## WHAT NEEDS TO BE DONE
Each line from the start of the records through the line containing "nhân sự gắn kết" is to be transcribed exactly, and no other line is to be included.

Short web captions
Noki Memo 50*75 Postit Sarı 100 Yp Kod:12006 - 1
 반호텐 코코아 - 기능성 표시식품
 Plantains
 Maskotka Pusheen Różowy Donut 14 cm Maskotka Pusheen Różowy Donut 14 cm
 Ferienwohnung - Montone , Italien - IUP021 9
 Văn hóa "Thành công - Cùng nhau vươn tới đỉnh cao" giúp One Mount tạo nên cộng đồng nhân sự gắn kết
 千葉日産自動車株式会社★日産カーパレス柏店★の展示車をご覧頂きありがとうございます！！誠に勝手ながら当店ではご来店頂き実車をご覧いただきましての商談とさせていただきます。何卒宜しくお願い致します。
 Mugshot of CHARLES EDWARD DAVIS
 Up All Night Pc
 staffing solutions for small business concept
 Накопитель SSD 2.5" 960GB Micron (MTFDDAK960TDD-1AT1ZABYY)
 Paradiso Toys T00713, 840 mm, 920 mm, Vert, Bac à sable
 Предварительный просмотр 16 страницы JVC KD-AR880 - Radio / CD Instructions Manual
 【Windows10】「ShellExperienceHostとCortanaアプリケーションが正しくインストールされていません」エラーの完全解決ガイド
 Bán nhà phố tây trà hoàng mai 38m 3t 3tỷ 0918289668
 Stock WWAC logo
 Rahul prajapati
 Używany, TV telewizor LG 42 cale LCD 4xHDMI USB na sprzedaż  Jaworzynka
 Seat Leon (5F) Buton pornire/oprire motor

## RESPONSE
Noki Memo 50*75 Postit Sarı 100 Yp Kod:12006 - 1
 반호텐 코코아 - 기능성 표시식품
 Plantains
 Maskotka Pusheen Różowy Donut 14 cm Maskotka Pusheen Różowy Donut 14 cm
 Ferienwohnung - Montone , Italien - IUP021 9
 Văn hóa "Thành công - Cùng nhau vươn tới đỉnh cao" giúp One Mount tạo nên cộng đồng nhân sự gắn kết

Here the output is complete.